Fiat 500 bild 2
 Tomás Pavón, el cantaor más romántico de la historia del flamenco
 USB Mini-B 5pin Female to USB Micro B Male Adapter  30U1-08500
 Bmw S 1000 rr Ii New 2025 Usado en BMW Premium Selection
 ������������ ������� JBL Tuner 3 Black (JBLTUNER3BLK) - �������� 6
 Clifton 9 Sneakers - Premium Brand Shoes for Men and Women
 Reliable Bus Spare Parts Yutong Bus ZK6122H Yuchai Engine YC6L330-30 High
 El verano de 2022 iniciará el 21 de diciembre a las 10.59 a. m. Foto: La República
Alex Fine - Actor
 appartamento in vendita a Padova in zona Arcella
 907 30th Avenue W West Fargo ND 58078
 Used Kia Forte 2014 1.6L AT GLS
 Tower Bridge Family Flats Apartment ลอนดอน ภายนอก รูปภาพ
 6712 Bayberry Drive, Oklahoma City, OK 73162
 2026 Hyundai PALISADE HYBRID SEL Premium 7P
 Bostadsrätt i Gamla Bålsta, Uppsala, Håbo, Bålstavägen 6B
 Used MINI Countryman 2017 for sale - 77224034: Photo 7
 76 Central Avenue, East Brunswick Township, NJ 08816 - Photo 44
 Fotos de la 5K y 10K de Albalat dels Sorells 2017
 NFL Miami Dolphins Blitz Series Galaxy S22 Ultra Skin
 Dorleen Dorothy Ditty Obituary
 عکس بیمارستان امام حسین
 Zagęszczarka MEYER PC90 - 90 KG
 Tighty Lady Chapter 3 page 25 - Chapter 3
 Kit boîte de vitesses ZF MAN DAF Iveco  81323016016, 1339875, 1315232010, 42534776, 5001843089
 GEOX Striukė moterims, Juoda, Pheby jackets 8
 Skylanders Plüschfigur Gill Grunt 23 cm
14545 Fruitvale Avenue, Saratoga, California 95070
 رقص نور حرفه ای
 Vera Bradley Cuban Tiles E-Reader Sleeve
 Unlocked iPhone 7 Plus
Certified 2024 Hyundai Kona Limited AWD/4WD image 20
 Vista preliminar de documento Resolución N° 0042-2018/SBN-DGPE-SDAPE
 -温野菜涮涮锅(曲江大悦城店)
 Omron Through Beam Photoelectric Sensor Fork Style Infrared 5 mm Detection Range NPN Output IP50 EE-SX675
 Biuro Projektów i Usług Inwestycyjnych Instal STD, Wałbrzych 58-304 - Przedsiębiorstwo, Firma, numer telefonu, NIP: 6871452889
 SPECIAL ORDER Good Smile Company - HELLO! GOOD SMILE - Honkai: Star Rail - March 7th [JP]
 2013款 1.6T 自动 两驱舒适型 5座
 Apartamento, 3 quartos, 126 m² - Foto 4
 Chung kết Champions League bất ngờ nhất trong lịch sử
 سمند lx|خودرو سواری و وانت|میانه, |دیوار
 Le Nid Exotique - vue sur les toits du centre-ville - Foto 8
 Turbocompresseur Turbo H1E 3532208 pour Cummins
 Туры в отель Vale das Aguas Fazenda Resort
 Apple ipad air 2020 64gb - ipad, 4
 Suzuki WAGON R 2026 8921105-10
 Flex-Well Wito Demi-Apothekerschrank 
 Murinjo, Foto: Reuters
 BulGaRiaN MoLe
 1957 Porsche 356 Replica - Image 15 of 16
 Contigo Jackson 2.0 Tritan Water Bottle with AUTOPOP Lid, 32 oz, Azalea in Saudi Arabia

________

• [Exercise goal]
Lines above that include the string "Hyundai" need to be copied.

• [Result of this exercise]
 2026 Hyundai PALISADE HYBRID SEL Premium 7P
Certified 2024 Hyundai Kona Limited AWD/4WD image 20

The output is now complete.